(Beginning of Extracted data)
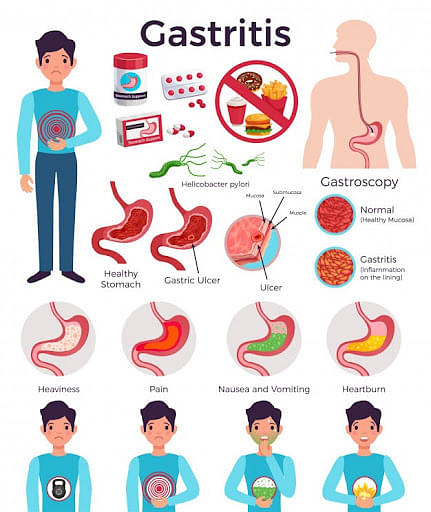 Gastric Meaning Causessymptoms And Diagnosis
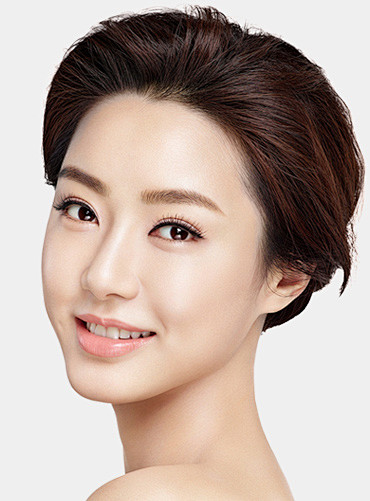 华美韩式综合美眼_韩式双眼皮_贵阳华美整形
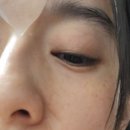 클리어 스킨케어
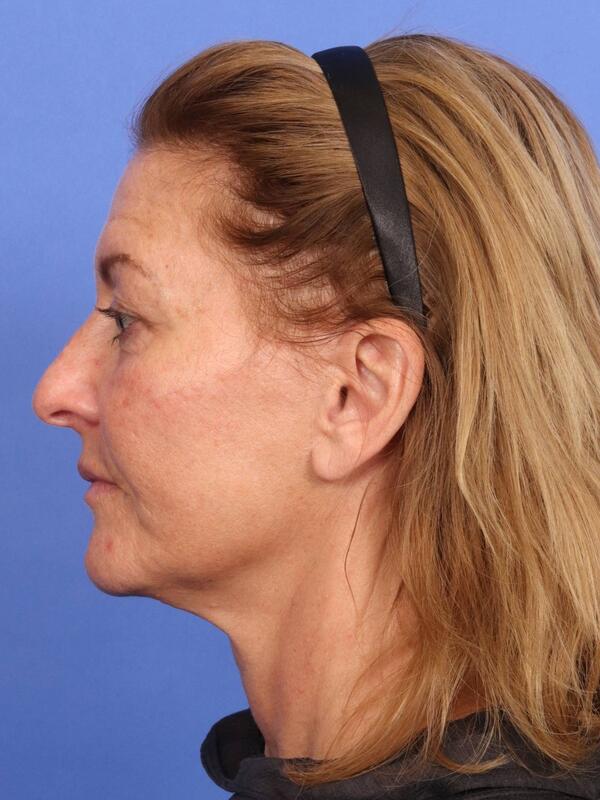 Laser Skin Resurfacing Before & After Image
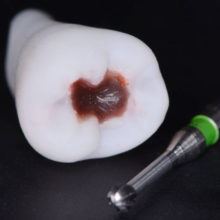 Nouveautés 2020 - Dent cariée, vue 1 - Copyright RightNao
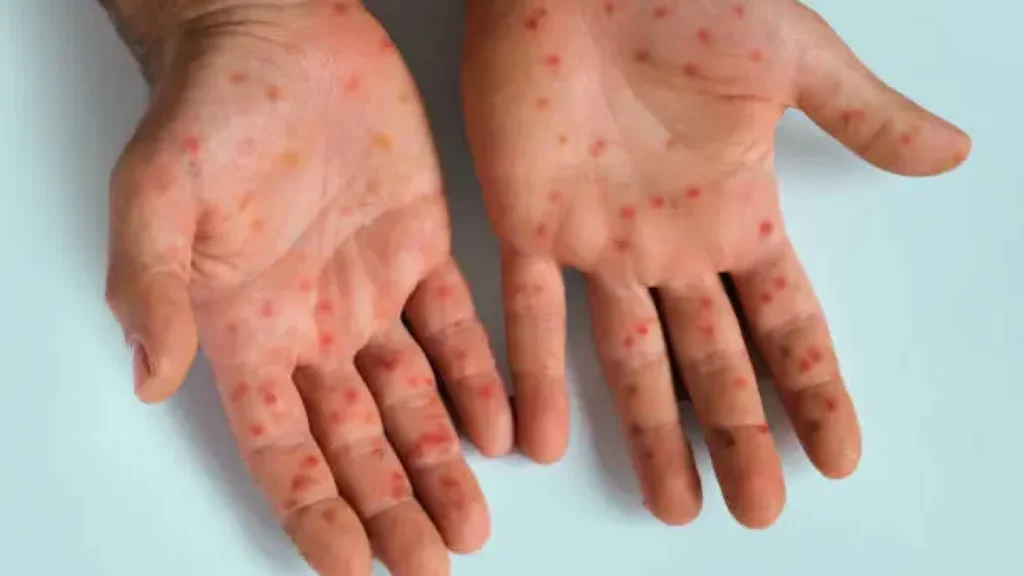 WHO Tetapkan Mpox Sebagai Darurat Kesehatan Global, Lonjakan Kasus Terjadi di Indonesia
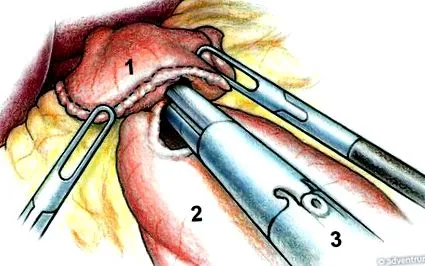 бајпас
(End of Extracted data)
The entries need to be restated exactly, and their pictures left out.

Finished task:
 Gastric Meaning Causessymptoms And Diagnosis
 华美韩式综合美眼_韩式双眼皮_贵阳华美整形
 클리어 스킨케어
 Laser Skin Resurfacing Before & After Image
 Nouveautés 2020 - Dent cariée, vue 1 - Copyright RightNao
 WHO Tetapkan Mpox Sebagai Darurat Kesehatan Global, Lonjakan Kasus Terjadi di Indonesia
 бајпас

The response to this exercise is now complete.